Chandigarh’s home secretary Ram Niwas, who has ordered a magisterial probe into the kidnapping and murder of Khushpreet and the pitiful police handling of the case, has sought a daily report from the police top brass on the case and other sensational crimes in the city in recent months.

“The murder of Khushpreet has tarnished the image of the police. Public faith has to be restored.
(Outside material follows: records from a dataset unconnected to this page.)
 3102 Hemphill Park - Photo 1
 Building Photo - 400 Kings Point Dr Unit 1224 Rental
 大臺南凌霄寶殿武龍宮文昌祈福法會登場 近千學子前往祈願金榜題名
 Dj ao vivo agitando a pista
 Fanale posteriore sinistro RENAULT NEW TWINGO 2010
I am seeking daily updates in this and other important cases till the killers are caught,” the home secretary said.

Ironically, just a day after Khushpreet’s body was found, the Chandigarh Police had overreacted to the mysterious death of a 75-year-old woman, Gurbal Maninder Kaur, who was found dead in her house in Sector 21 here.

Since Kaur had two powerful sons-in-law, one a top bureaucrat in Punjab and the other the state’s acting advocate general, the police immediately registered a case which covered an entire gamut of crimes from trespassing, dacoity and sexual assault to murder.

Later, it turned out from the autopsy report that the woman had died of natural causes.

The investigative efficiency of the Chandigarh Police was again challenged for failing to resolve the murder of MBA student Neha Ahlawat, 22, in the city’s Sector 38-west, even six months after the murder took place.

In recent months, incidents of murders, snatchings, vehicle thefts and other crimes have also increased in the city.